Ties with Iran, China

  • Ecuador is becoming a key Latin-American ally of Iran as President Rafael Correa has enthusiastically embraced Iran’s Mahmoud Ahmadinejad as a diplomatic friend.
  • In early 2012, Ahmadinejad traveled to Ecuador to strengthen bilateral cooperation. The two countries have also already signed 32 agreements to strengthen cooperation in areas like renewable resources, technology, and health.
  • Then in July, the government of Ecuador pledged to buy $400 million of Iranian fuel, defying US and European sanctions on Iran as it pursues nuclear capabilities.
  • In July, Ecuador entered into talks with China National Petroleum Corp. over a potential investment in a refinery project.
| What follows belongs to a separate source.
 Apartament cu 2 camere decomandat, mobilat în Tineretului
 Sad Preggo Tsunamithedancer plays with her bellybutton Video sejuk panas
Essentially, China is looking to heavily invest in Ecuadorian crude oil assets and finance development.


 Crackdown on Media

  • Just since May, Correa’s administration has shut down 11 radio broadcasters.  Since the beginning of 2012, a total of 17 media outlets have been shut down.
  • Also, earlier this year an Ecuadorian court settled Correa’s libel lawsuit against three owners of the newspaper El Universo, by handing down hefty fines and three-year prison terms. Correa eventually forgave the sentences, but the message was clear: the media better watch its step.
  • Correa has exerted numerous controls over the media, like instructing government officials not to give interviews to private media entities, and making it illegal to directly or indirectly promote a political candidate within 90 days of the election.


Chevron Lawsuit and Disregard for International Law

  • When an international arbitration panel at the Hague ordered Ecuador to take “all means necessary” to stop enforcement of the multibillion-dollar judgment against Chevron, Correa simply ignored and denounced the ruling.
  • At home, the lawsuit against Chevron led by U.S. trial lawyers has been rife with fraud and political interference by corrupt Ecuadoran government and court officials. At least 8 U.S. federal judges have used the term “fraud” when describing the actions of the plaintiffs’ lawyers.

It’s high time that the United States take serious action against Ecuador and it’s clear disdain for American and international policies as well as its overt anti-Americanism. With President Rafael Correa at the helm Ecuador is no friend to the US.